Haskell Indian Leader student newspaper wins 14 press awards, including first-place award for general excellence in 2020 | News, Sports, Jobs



photo by: Haskell Indian Leader

A past issue of the Haskell Indian Leader newspaper is pictured in this contributed photo. The Native American Journalists Association announced this week that the Haskell Indian Leader staff had won 14 awards, including the first place award for general excellence for 2020.

In a year in which students at Haskell Indian Nations University were sent home to study remotely amid the coronavirus pandemic, the Haskell Indian Leader student newspaper not only continued to get a paper out, but produced award-winning work.

The Native American Journalists Association announced this week that the Haskell Indian Leader staff had won 14 awards, including the first-place award for general excellence for 2020. Rhonda LeValdo, the faculty adviser for the newspaper, said when students were sent home to learn remotely in March 2020, she wasn’t sure how the paper was going to survive.

But her students kept reporting the news — the paper has changed to online only while students are off campus — and LeValdo said the paper was able to continue getting information to Haskell students who were spread across the country.

“For me, I’m like, ‘Wow, we made it through the year and were still able to get information out to our students,’” LeValdo said. “And that to me was the really important part.”

In addition to the first-place award for general excellence, the Haskell Indian Leader staff received three first-place awards, four second-place awards, three third-place awards, and three honorable mentions, according to a Haskell news release. Seven students won awards for their work: Jared Nally, Connor MacDonald, Delila Begay, Joseph Singh, Makayla Sloan, Zachary Arquette and Marklin Morales.

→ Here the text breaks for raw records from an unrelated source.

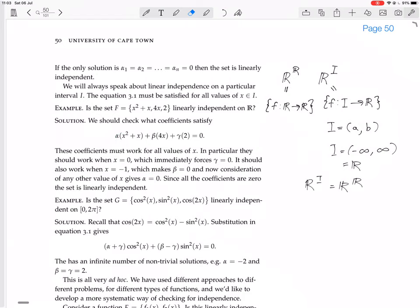Now the remaining equation is α·(x²+x) = 0. Considering x = 1, we get α·2 = 0, so α = 0. All the coefficients are 0 — the only coefficients that make the equation true for all values of x are 0, 0, 0. So the set is linearly independent.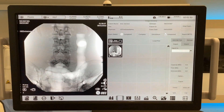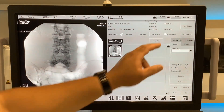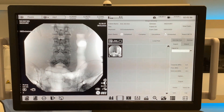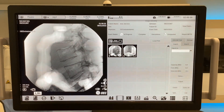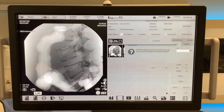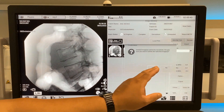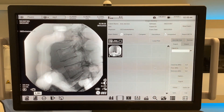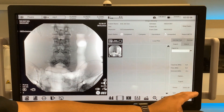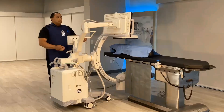If a printer is configured with the system, select the image you desire to be printed and select local print. To delete an image, select the image and select delete. A confirmation message will pop up. Deleted images cannot be recovered. Please select yes. Exit when all actions are complete.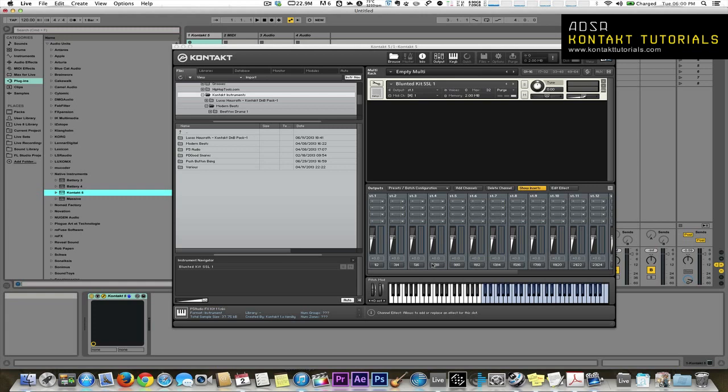This series of videos will cover all of the features in Kontakt. The first parts will cover the Kontakt window.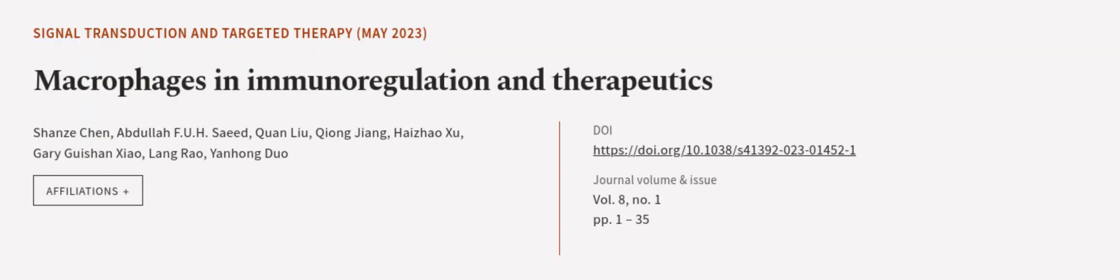This article was authored by Shanzha Chen, Abdullah Fuh Saeed, Kuan Liu, and others. Wearearticle.tv, links in the description below.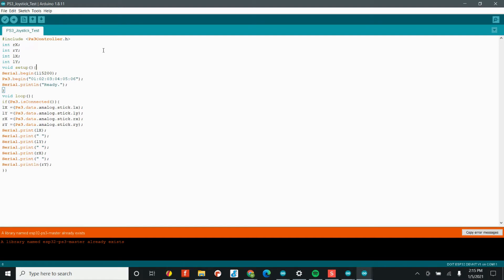And so the whole goal of this code is to take the x and y data of both the right and the left joystick. And so we create these variables, rx, ry for the right joystick and lx, ly for the left joystick.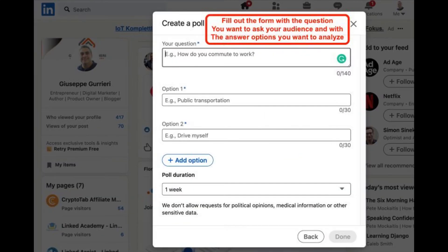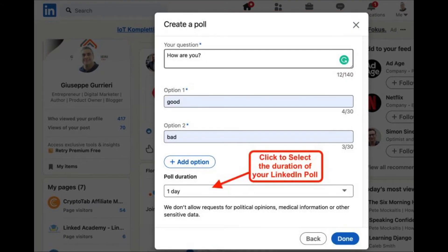Step 3: Type in your question and as many survey answer choices as you want. Step 4: Select a Survey Answer Time Limit from the Poll Duration drop-down menu, ranging from 1 day to 2 weeks.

Two of the first-place awards went to Nally, who won best news story for “Student Safety Jeopardized by Violation of Fifth Amendment” and best sports story for “Fightin’ Indians.” Arquette won first place for best environmental coverage for his story “Uprooted: Decaying Trees Plan to be Repurposed.”

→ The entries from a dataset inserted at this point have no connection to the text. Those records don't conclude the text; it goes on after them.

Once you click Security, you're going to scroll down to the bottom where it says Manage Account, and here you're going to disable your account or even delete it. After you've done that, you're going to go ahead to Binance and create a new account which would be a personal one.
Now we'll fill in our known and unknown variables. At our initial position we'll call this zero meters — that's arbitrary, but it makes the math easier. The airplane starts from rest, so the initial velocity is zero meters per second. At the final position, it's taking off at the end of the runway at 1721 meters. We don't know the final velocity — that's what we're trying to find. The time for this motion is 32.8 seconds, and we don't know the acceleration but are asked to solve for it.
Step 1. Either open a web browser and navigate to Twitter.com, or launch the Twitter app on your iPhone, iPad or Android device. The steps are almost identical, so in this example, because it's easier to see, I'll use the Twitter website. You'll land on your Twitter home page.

This is the second year in a row that the Haskell Indian Leader has gotten the first-place award for general excellence, and LeValdo said the paper has won the award at least five times over the past 15 years. LeValdo said that’s despite the fact that Haskell offers only a two-year, 15-credit hour multimedia communications program and competes against universities with full journalism programs.

“To me it says a lot about our students, because we don’t have a journalism program and we’re competing against other universities that do,” she said.

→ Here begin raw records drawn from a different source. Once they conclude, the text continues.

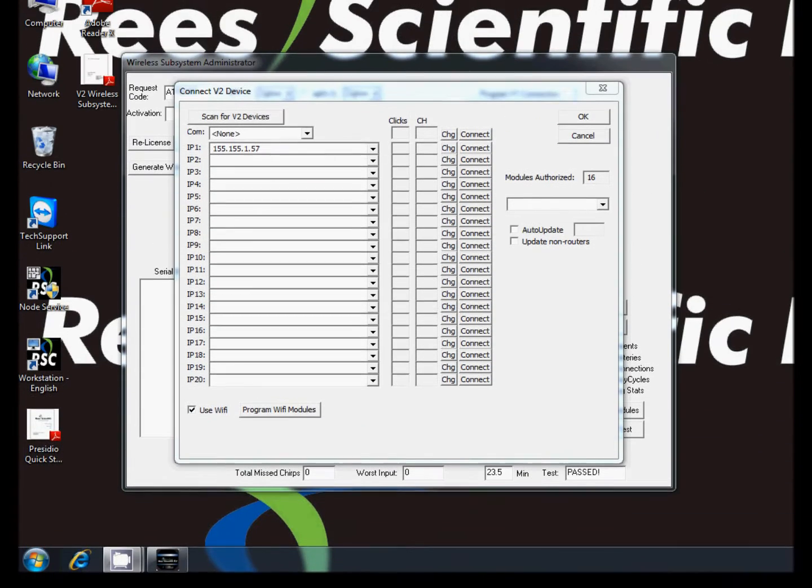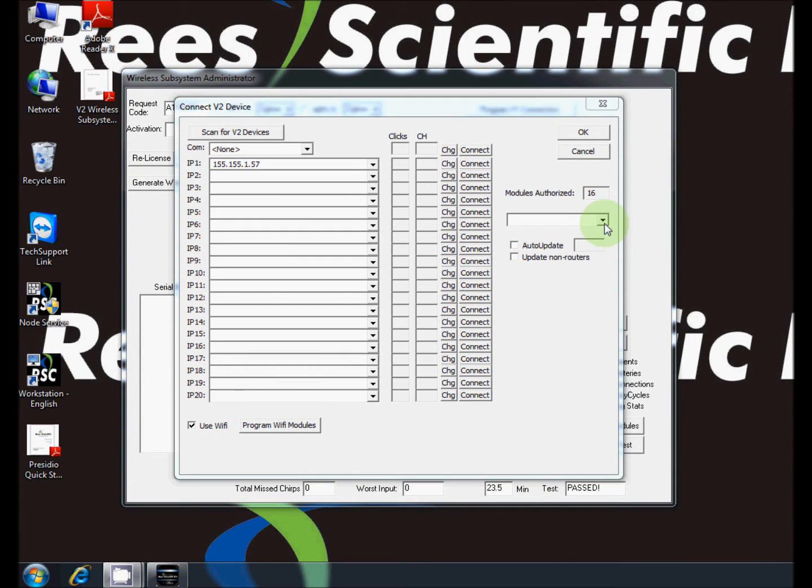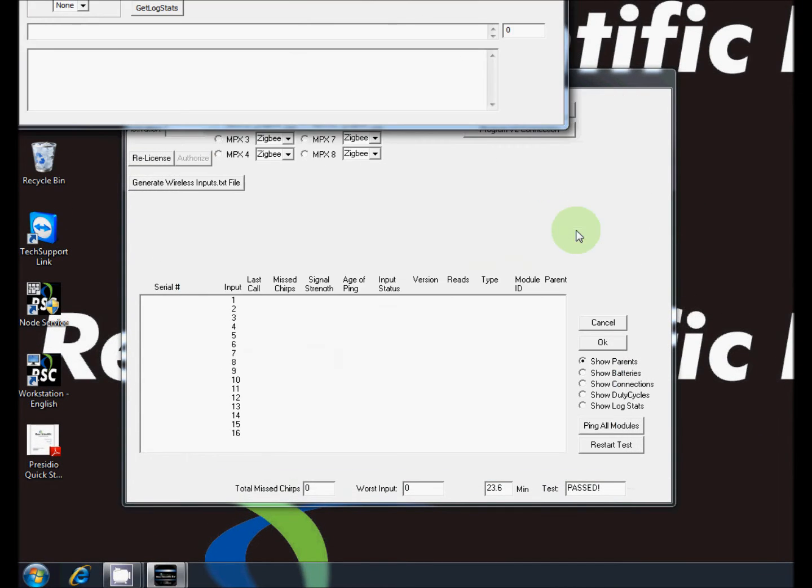If you open the drop down menu on the side there should be a serial number that matches the serial number on your module.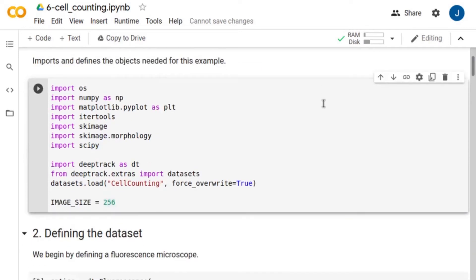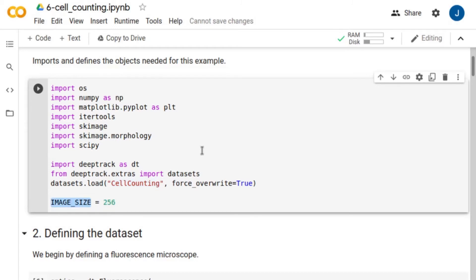First, we import the packages needed for this example, and we load the database we will analyze later with DeepTrack. Additionally, we specify the size of the images the network will be trained for.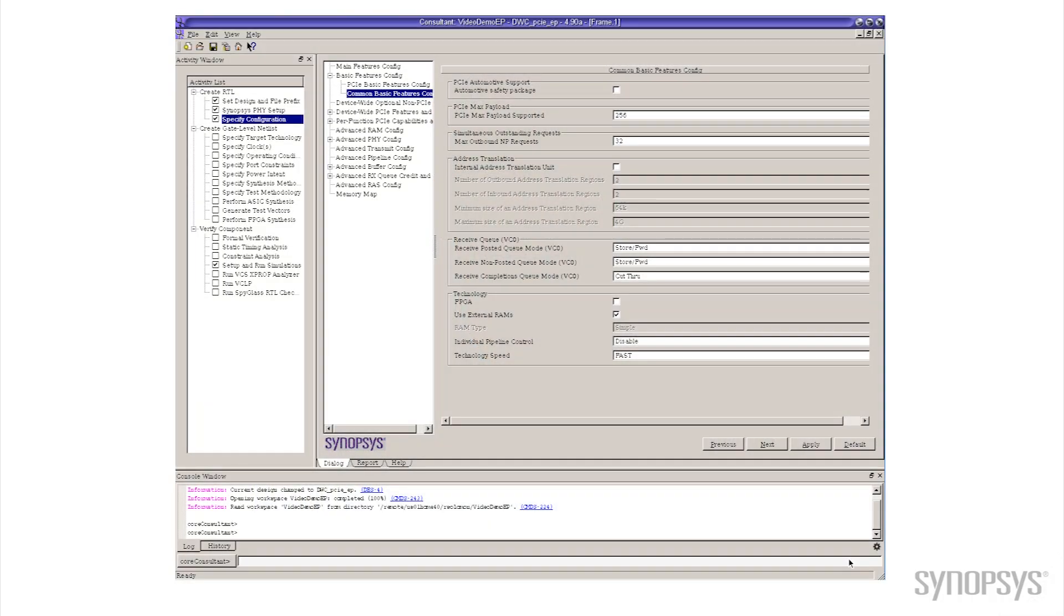So what I've done here is I brought up the Core Consultant tool and I've configured a fairly basic PCI Express Gen 3 x 4 controller using all the default values out of Core Consultant.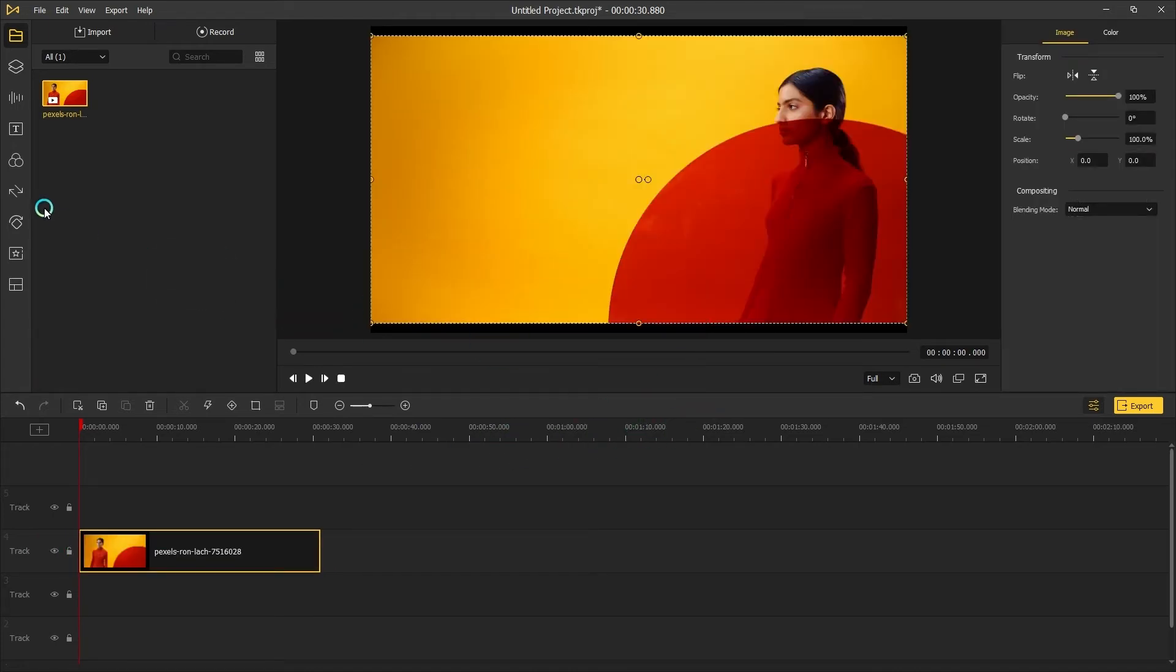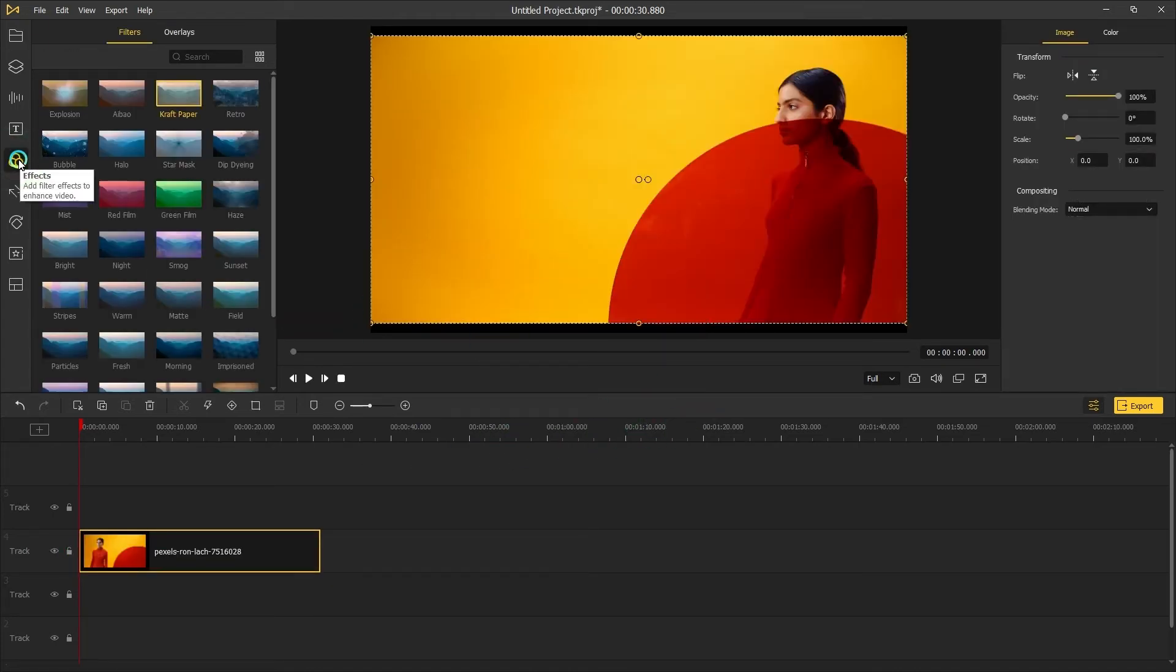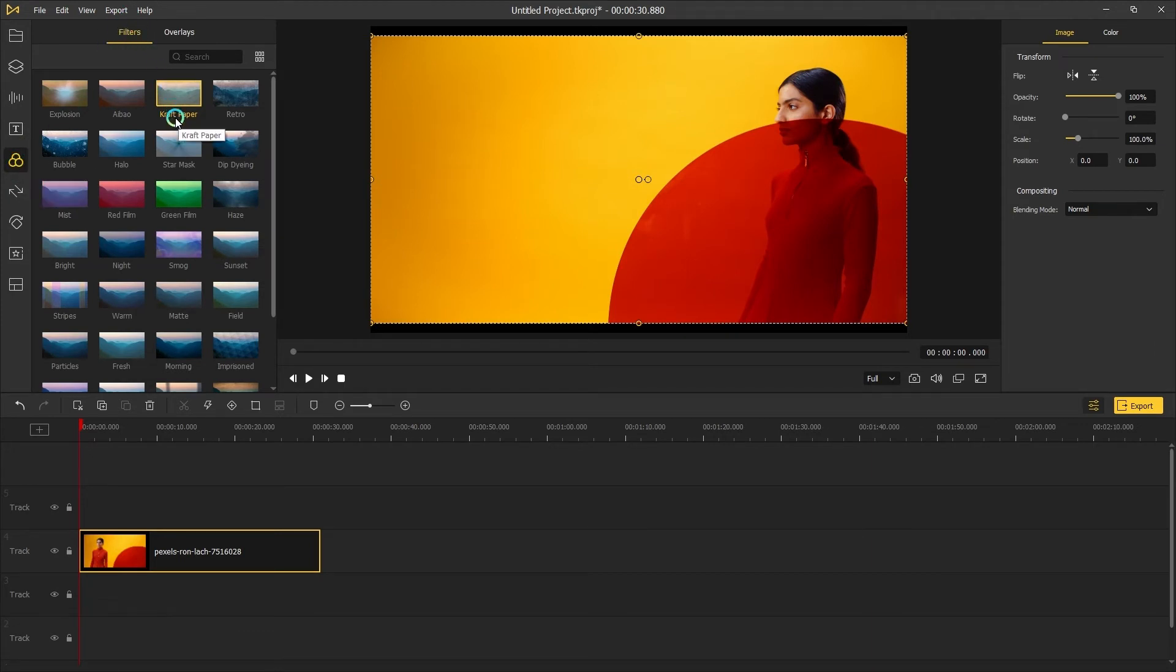The second step, turn to the effects tab. In the filters, you can see the craft paper effect, and drag it above the video timeline.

LeValdo said students can transfer to journalism programs after attending Haskell, and that students have done so, including two who have graduated with master’s degrees in the past two years.

“They are doing more, and I just think that’s awesome,” LeValdo said. “And then we have students that work for their tribal newspapers, that are writing. We are providing the people for tribal newspapers to do that, and so that’s exciting to me.”

The Native American Journalists Association announced the awards on Wednesday, and LeValdo said there would be a virtual awards ceremony in September.